━━ Information supplied ━━

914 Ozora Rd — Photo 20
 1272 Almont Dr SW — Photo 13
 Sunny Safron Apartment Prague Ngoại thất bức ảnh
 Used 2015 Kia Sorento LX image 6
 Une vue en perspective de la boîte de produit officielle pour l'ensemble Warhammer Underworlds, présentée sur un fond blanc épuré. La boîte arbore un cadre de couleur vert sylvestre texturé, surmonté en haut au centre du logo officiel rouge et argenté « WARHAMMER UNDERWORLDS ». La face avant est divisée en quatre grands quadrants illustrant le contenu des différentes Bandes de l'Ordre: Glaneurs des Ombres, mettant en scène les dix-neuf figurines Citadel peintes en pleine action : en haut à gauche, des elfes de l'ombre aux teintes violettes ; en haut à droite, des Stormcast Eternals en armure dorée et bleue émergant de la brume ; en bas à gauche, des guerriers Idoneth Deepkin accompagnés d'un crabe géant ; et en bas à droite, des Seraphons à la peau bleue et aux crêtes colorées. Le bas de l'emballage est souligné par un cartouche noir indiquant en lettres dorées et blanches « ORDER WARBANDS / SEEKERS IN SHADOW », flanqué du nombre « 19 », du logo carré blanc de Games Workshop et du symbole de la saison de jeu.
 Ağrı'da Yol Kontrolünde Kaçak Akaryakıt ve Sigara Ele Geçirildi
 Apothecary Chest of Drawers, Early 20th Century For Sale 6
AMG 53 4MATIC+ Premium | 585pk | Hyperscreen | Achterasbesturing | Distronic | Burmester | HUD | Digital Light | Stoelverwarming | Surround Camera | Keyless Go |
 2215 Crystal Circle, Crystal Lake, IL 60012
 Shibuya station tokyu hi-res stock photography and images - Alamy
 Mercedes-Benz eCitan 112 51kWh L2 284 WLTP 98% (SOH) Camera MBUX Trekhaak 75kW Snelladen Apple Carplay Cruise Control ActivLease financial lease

━━━

Problem statement: What is needed is a verbatim copy of every line in the records above from the one containing "Sunny Safron Apartment" down to the one containing "2215 Crystal Circle, Crystal Lake, IL 60012", both included, and nothing more.

Result:
 Sunny Safron Apartment Prague Ngoại thất bức ảnh
 Used 2015 Kia Sorento LX image 6
 Une vue en perspective de la boîte de produit officielle pour l'ensemble Warhammer Underworlds, présentée sur un fond blanc épuré. La boîte arbore un cadre de couleur vert sylvestre texturé, surmonté en haut au centre du logo officiel rouge et argenté « WARHAMMER UNDERWORLDS ». La face avant est divisée en quatre grands quadrants illustrant le contenu des différentes Bandes de l'Ordre: Glaneurs des Ombres, mettant en scène les dix-neuf figurines Citadel peintes en pleine action : en haut à gauche, des elfes de l'ombre aux teintes violettes ; en haut à droite, des Stormcast Eternals en armure dorée et bleue émergant de la brume ; en bas à gauche, des guerriers Idoneth Deepkin accompagnés d'un crabe géant ; et en bas à droite, des Seraphons à la peau bleue et aux crêtes colorées. Le bas de l'emballage est souligné par un cartouche noir indiquant en lettres dorées et blanches « ORDER WARBANDS / SEEKERS IN SHADOW », flanqué du nombre « 19 », du logo carré blanc de Games Workshop et du symbole de la saison de jeu.
 Ağrı'da Yol Kontrolünde Kaçak Akaryakıt ve Sigara Ele Geçirildi
 Apothecary Chest of Drawers, Early 20th Century For Sale 6
AMG 53 4MATIC+ Premium | 585pk | Hyperscreen | Achterasbesturing | Distronic | Burmester | HUD | Digital Light | Stoelverwarming | Surround Camera | Keyless Go |
 2215 Crystal Circle, Crystal Lake, IL 60012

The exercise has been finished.